Data items
# # # # #

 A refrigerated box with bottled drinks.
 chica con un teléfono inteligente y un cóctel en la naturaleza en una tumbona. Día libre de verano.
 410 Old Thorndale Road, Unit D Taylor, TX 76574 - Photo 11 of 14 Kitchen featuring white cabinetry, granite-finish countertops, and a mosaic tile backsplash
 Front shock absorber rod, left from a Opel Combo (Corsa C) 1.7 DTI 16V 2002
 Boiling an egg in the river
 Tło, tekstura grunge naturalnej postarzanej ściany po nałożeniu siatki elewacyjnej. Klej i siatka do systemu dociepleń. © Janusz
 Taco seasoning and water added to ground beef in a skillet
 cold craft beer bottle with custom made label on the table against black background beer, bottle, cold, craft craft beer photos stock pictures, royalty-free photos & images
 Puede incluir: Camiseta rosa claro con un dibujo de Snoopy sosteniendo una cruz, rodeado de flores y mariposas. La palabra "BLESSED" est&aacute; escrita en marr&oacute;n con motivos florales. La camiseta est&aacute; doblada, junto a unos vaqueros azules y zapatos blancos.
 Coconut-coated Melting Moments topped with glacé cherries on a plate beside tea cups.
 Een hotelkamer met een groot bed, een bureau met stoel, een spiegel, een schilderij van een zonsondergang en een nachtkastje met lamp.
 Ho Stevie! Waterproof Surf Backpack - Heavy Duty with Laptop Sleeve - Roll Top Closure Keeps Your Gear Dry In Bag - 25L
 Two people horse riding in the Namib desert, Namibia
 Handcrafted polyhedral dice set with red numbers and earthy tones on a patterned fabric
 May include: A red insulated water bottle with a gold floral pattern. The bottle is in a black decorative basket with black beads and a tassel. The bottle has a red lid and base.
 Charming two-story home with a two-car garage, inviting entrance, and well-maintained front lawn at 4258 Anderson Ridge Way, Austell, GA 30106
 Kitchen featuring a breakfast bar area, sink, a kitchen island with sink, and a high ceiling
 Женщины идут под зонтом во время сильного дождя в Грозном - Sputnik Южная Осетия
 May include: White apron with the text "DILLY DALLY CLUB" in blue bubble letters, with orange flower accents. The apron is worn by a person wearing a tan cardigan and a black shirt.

# # # # #

▶ **Exercise goal**
Exactly the lines from the one containing "Kitchen featuring a" to the last line of the entries above must be duplicated, with both of those lines included and nothing more.

▶ **Task result**
 Kitchen featuring a breakfast bar area, sink, a kitchen island with sink, and a high ceiling
 Женщины идут под зонтом во время сильного дождя в Грозном - Sputnik Южная Осетия
 May include: White apron with the text "DILLY DALLY CLUB" in blue bubble letters, with orange flower accents. The apron is worn by a person wearing a tan cardigan and a black shirt.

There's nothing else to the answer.